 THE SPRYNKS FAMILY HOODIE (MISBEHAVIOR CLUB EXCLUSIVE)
==
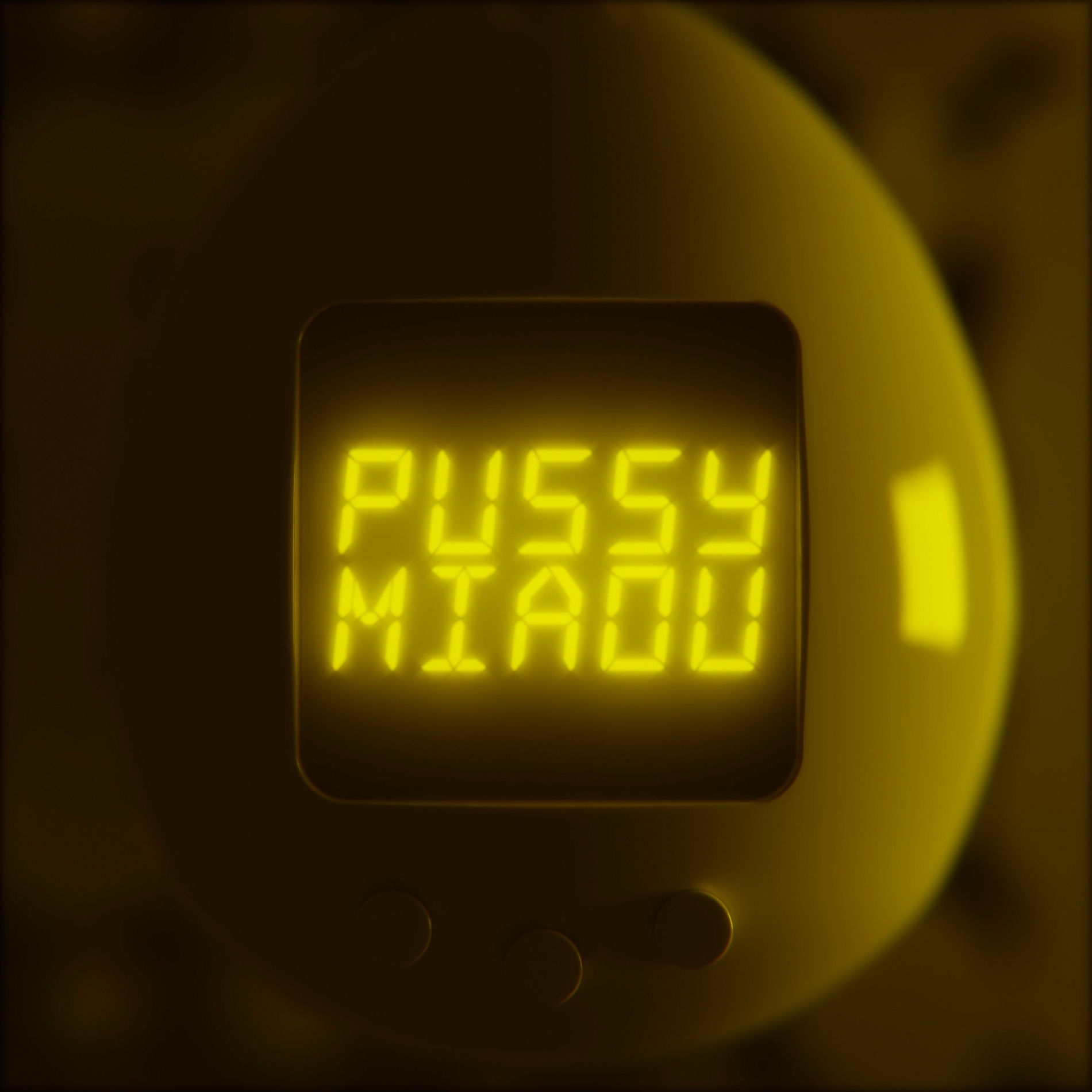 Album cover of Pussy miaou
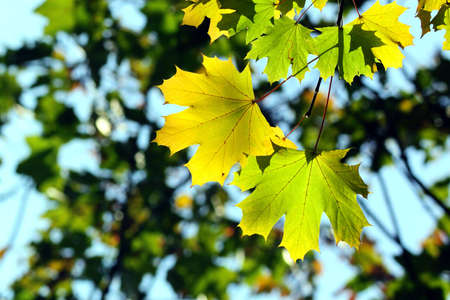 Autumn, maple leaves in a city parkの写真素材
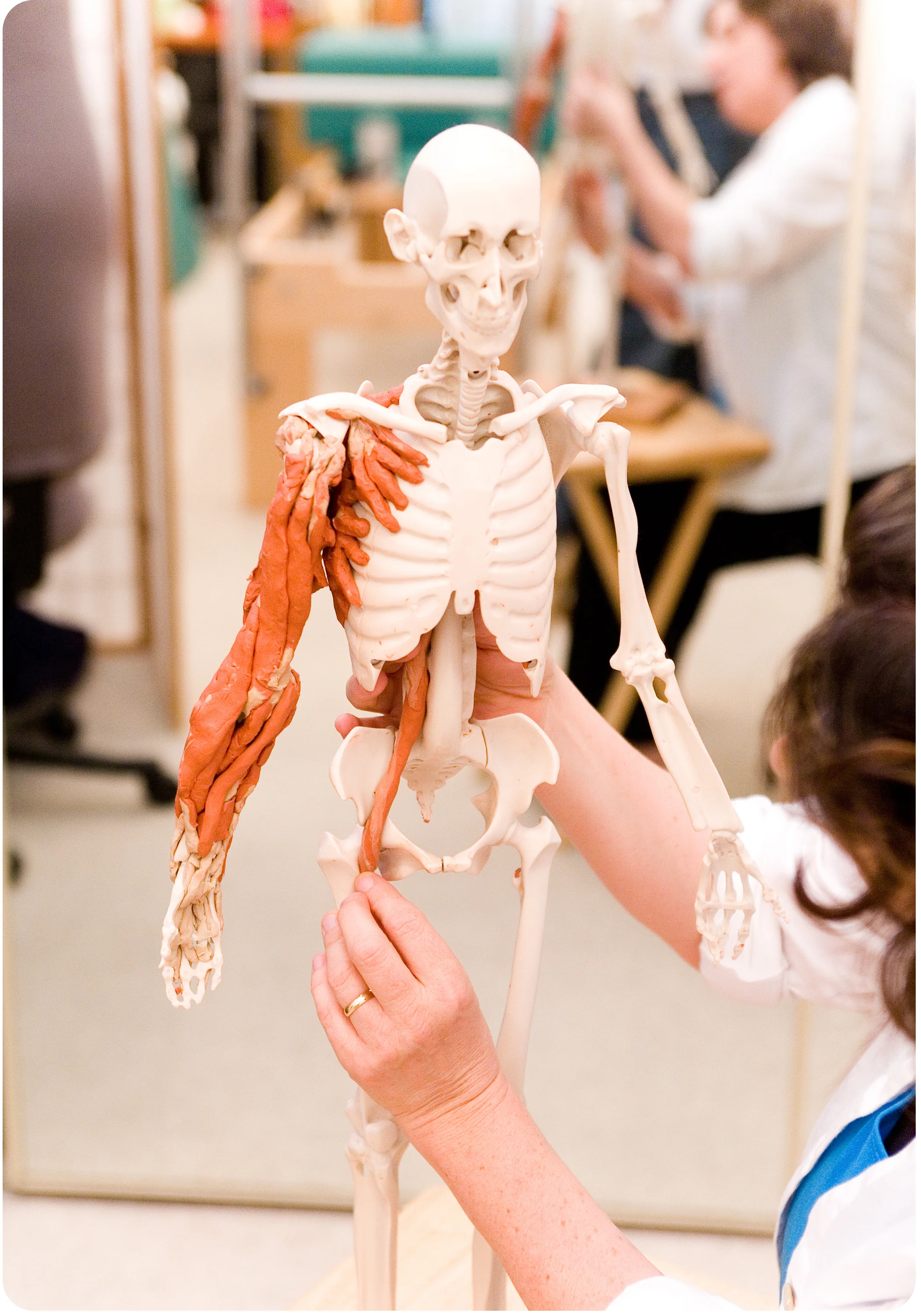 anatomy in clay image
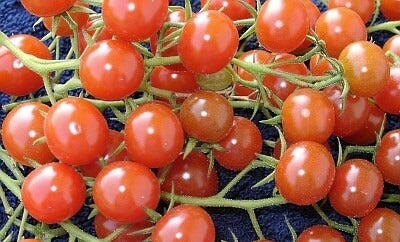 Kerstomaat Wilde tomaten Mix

## What the task requires
Precisely those lines above that run from the line with "anatomy in clay image" up to and including the line with "Kerstomaat Wilde tomaten Mix" are to be set down, with the pictures omitted.

## Exercise result
 anatomy in clay image
 Kerstomaat Wilde tomaten Mix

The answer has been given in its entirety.